* Problem to solve: Where the line containing "Бензинова пила 4,3" appears below, start there and repeat each line exactly to the end. Leave the pictures out.

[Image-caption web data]
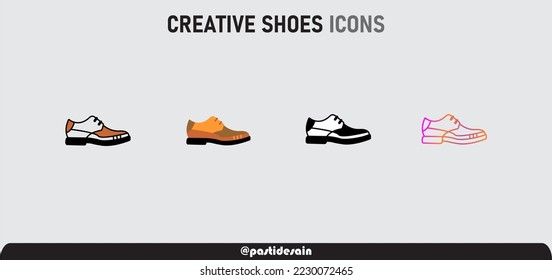 iconos de diferentes tipos de zapatos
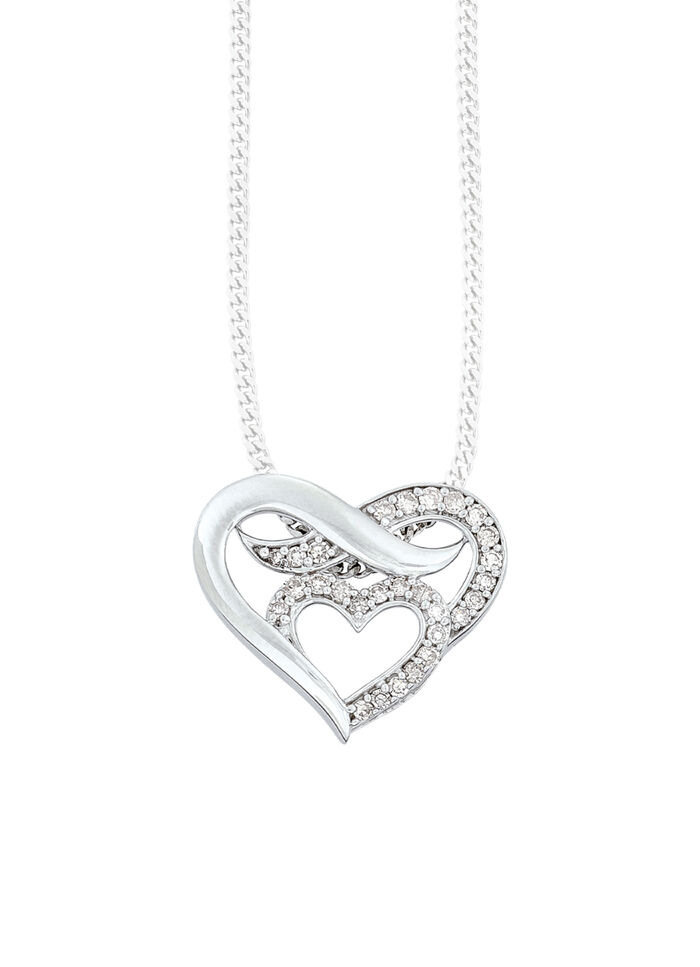 S&uuml;&szlig;er Herz-Anh&auml;nger mit Diamanten 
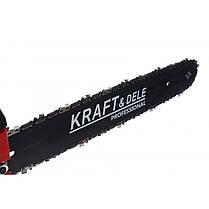Бензинова пила 4,3 к.с. / 40 см Kraft&Dele KD5014, фото 5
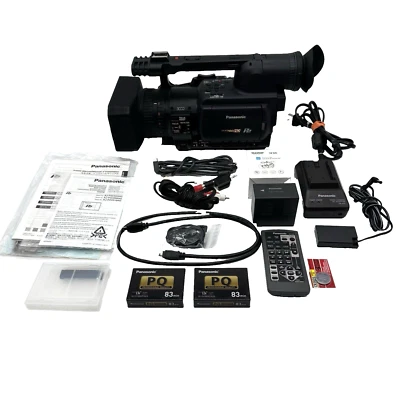 Panasonic AG-HVX200AP HD P2 Pro Camcorder Charger 2 Battery Remote NO Card WORKS - Image 1 of 4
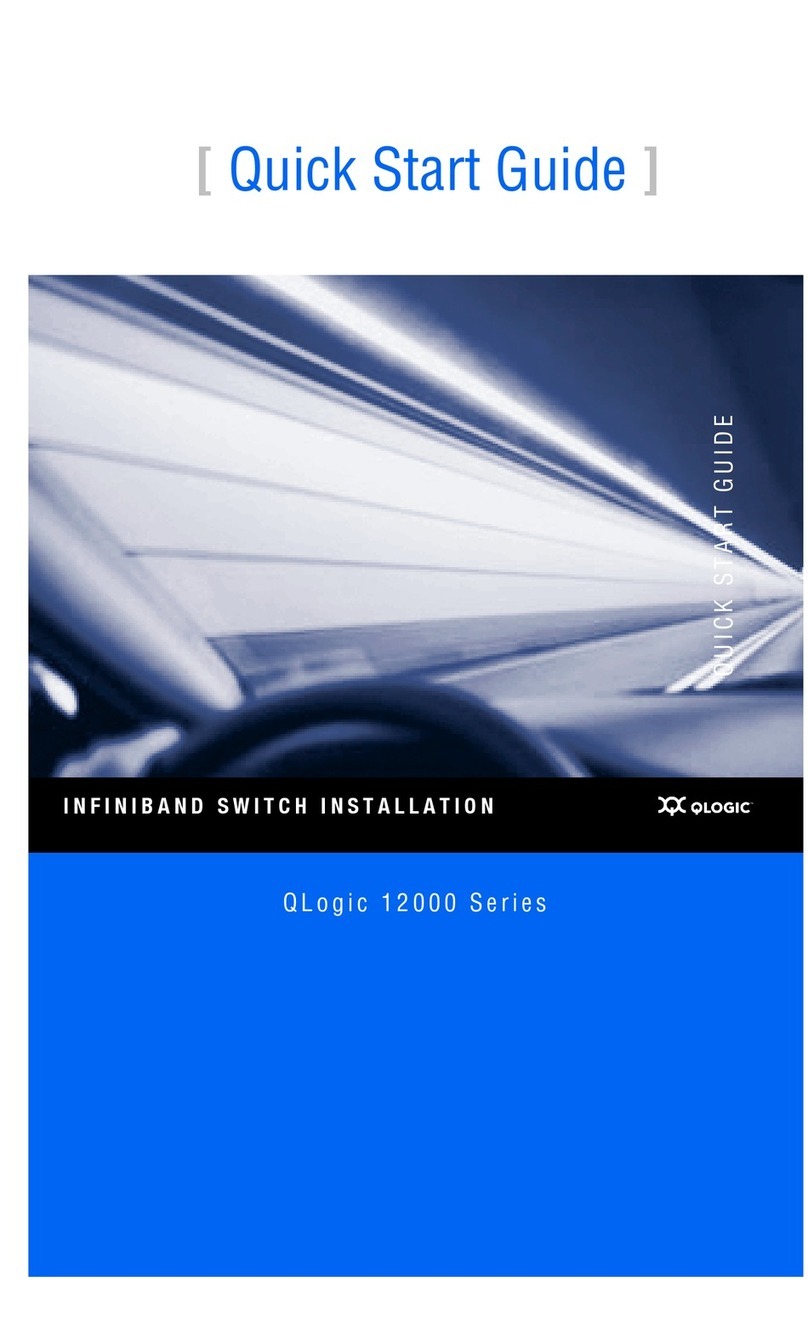 Qlogic InfiniBand 12200-BS01 quick start guide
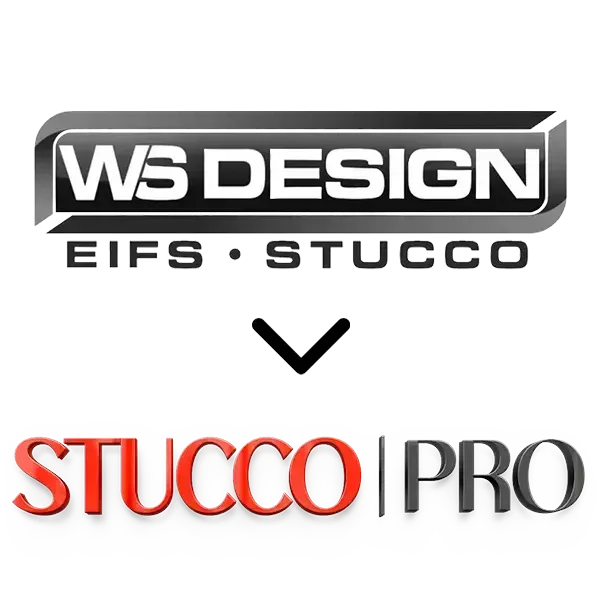 Logos: WS DESIGN changes to STUCCO | PRO, focusing on EIFS and stucco services.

* Result of this task:
Бензинова пила 4,3 к.с. / 40 см Kraft&Dele KD5014, фото 5
 Panasonic AG-HVX200AP HD P2 Pro Camcorder Charger 2 Battery Remote NO Card WORKS - Image 1 of 4
 Qlogic InfiniBand 12200-BS01 quick start guide
 Logos: WS DESIGN changes to STUCCO | PRO, focusing on EIFS and stucco services.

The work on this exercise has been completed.